From the listing below, restate word for word the lines from the line containing "Louis Vuitton Escalpe" down through the line containing "Nicki Minaj and Miley Cyrus at Grammy". Exclude pictures.

• DATA SHOWN:
###
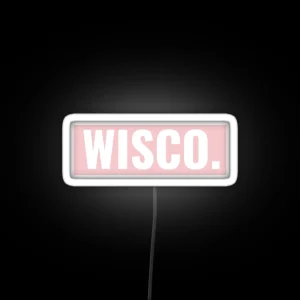 Wisco Pink Led RGB Neon Sign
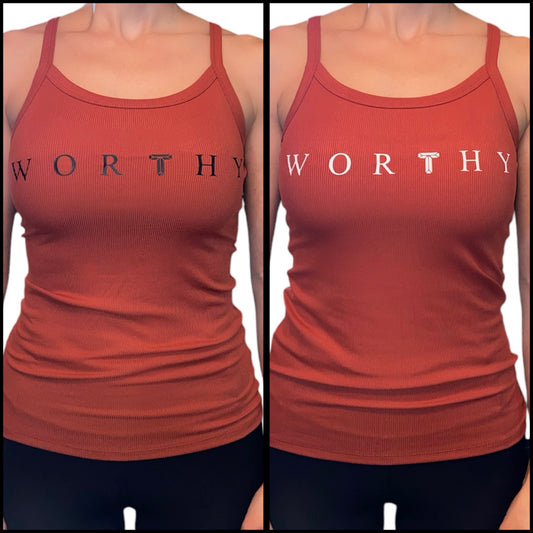 Women’s Orange WORTHY Tank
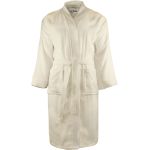 The One Towelling Bathrobe white
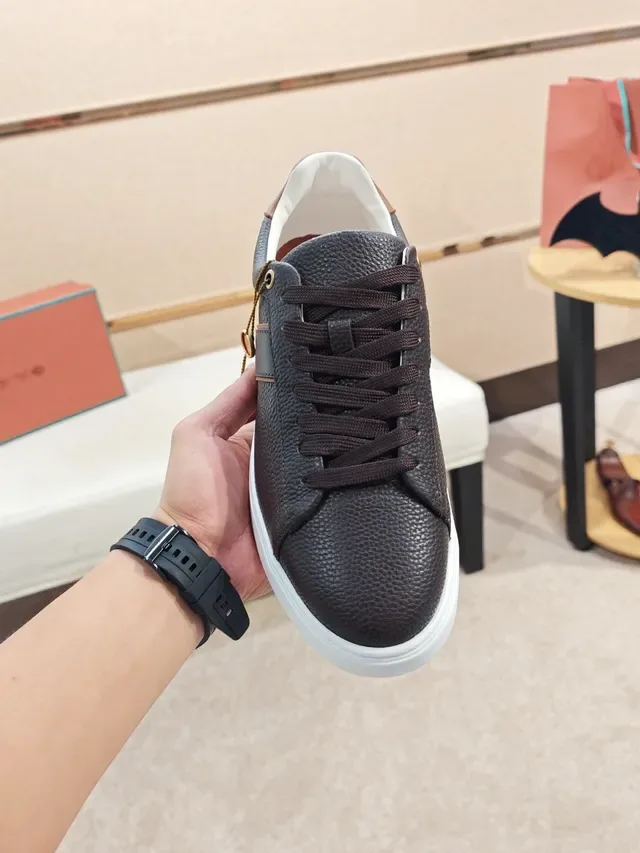 Black and Brown Leather Low-Top Sneaker 6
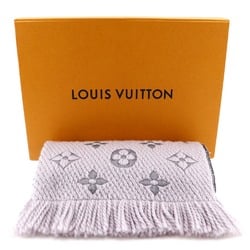 Louis Vuitton Escalpe Mania Scarf Wool x Silk Gris Perle 2018 Gray GM0168 Escalp Logo Unisex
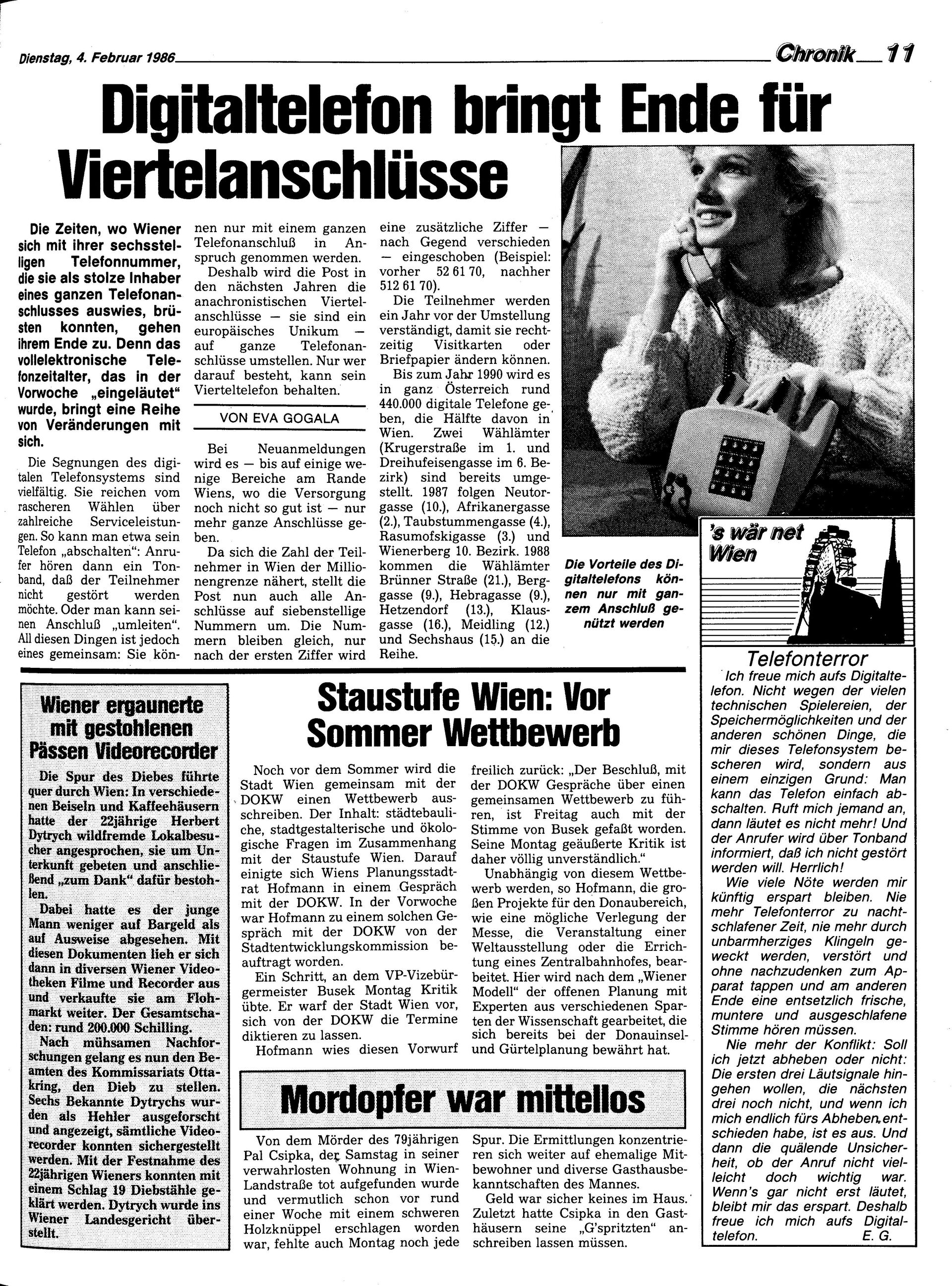 Ausgabe Di. 04.02.1986, Seite 11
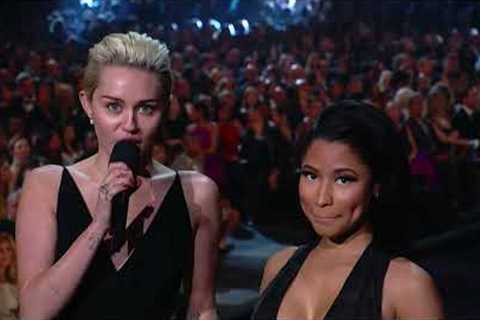 Nicki Minaj and Miley Cyrus at Grammy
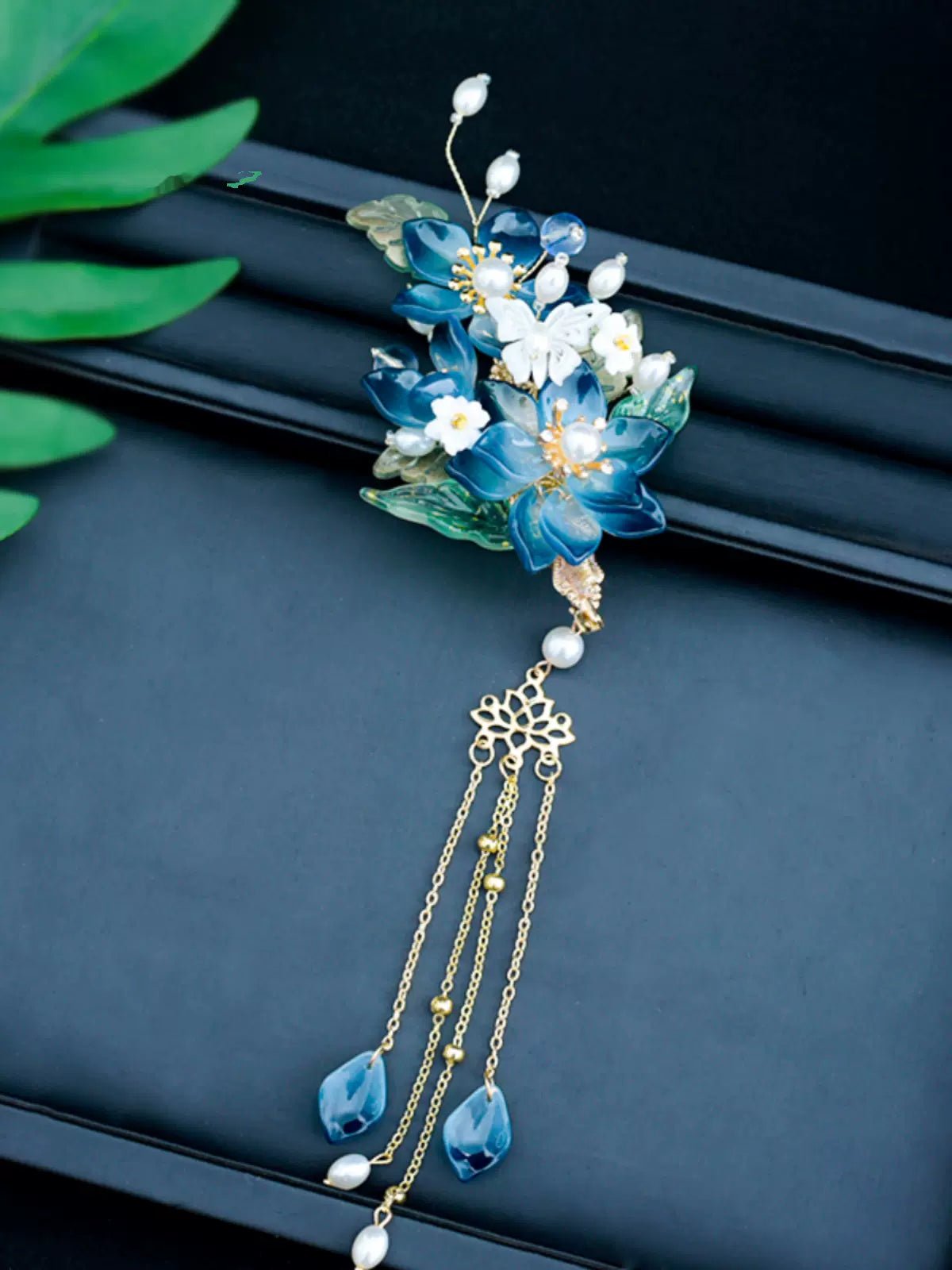 Blue Dream Forest|Hanfu Matching Hairpinhan fu Chinese han fu hanfu male tang dynasty clothes chinese hanfu tang dynasty outfits traditiona hanfu dress chinese hanfu chinese style dress dress fashion cheongsam dress q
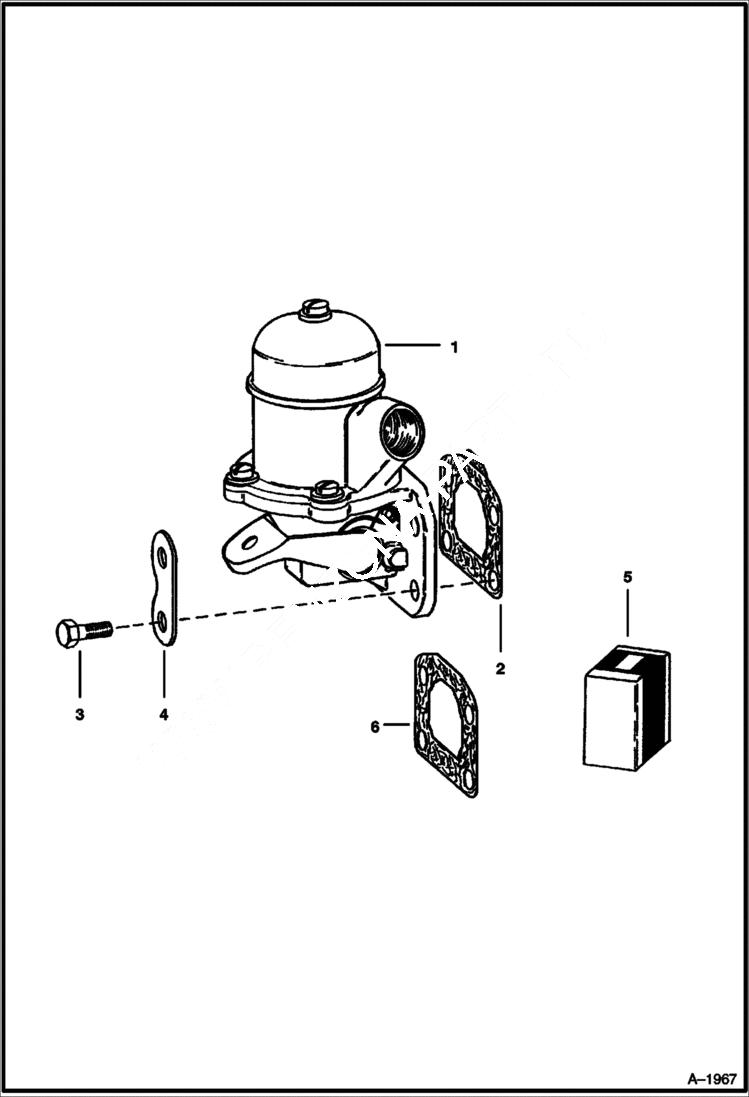 Схема запчастей Bobcat Articulated Loaders - FUEL PUMP POWER UNIT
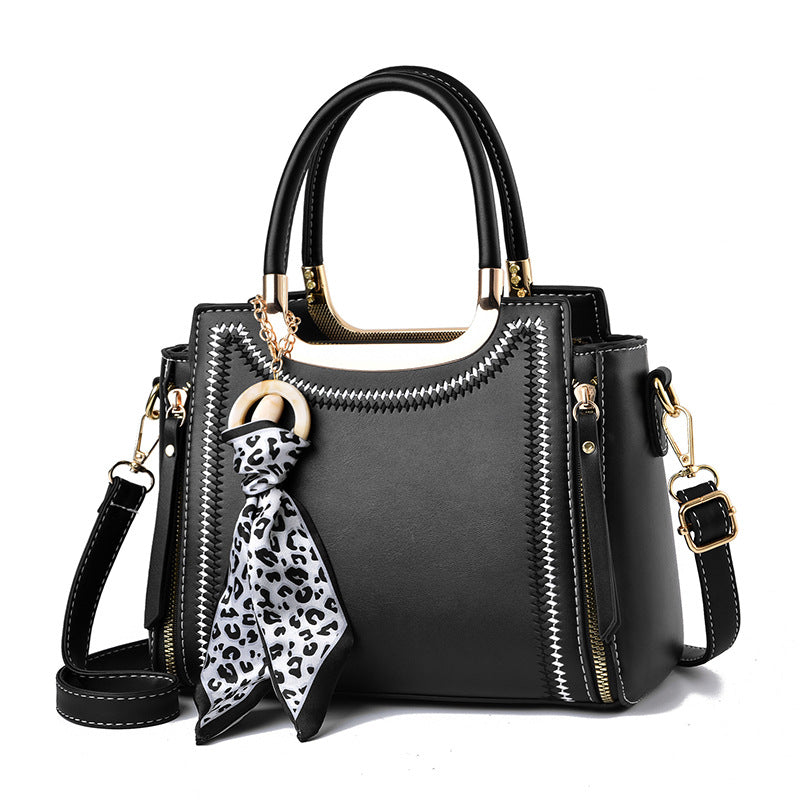 Trendy Handbag Silk Scarf Ornaments Large Capacity Shoulder Bag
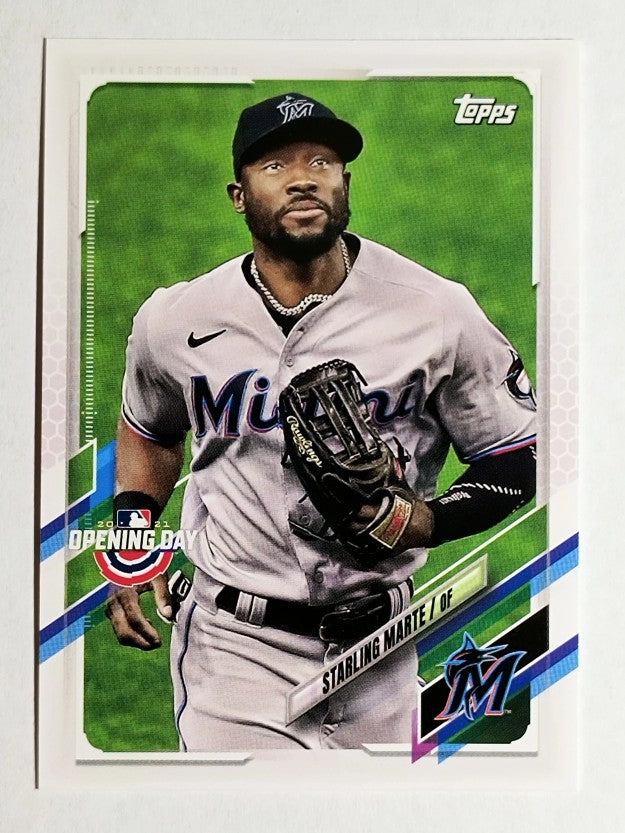 2021 Topps Opening Day #121 Starling Marte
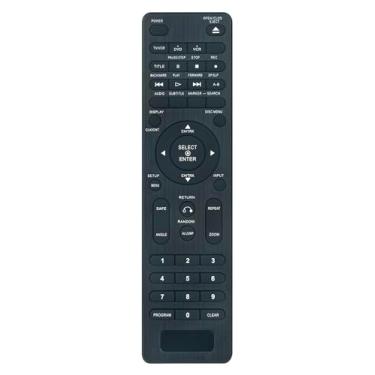 Imagem de Controle remoto de substituição N108A compatível com leitor de DVD Sanyo e gravador de cassete de vídeo DVW-7000 DVC-2600 DVW-7100 SCP-2700 DVC-2700 DVW7100OM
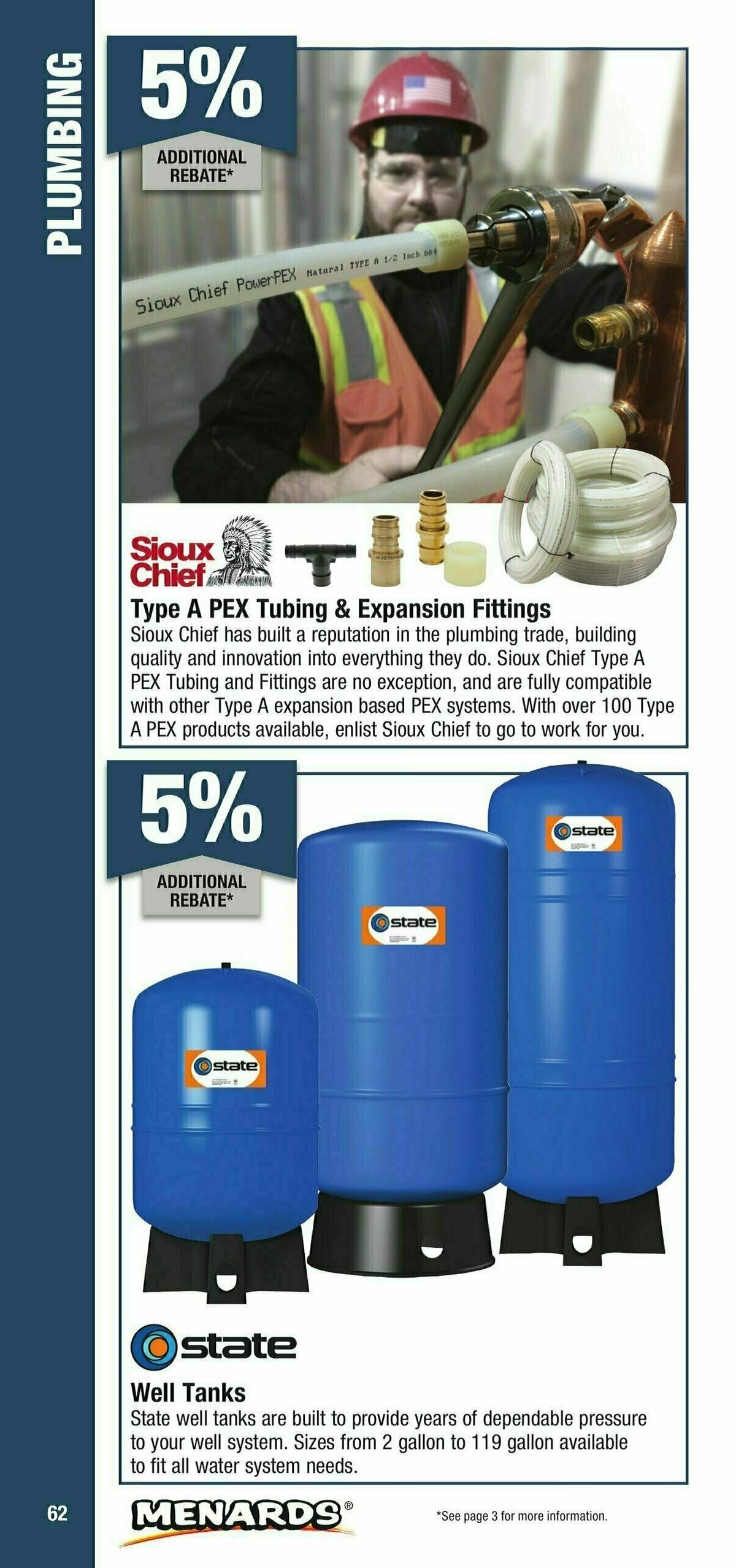 Menards Contractor Card Brochure Weekly Ad from January 1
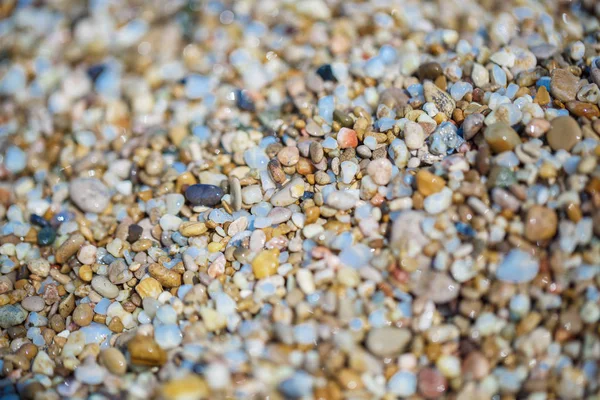 Small stones on the beach — Stock Photo, Image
###
• COMPLETED EXERCISE:
 Louis Vuitton Escalpe Mania Scarf Wool x Silk Gris Perle 2018 Gray GM0168 Escalp Logo Unisex
 Ausgabe Di. 04.02.1986, Seite 11
 Nicki Minaj and Miley Cyrus at Grammy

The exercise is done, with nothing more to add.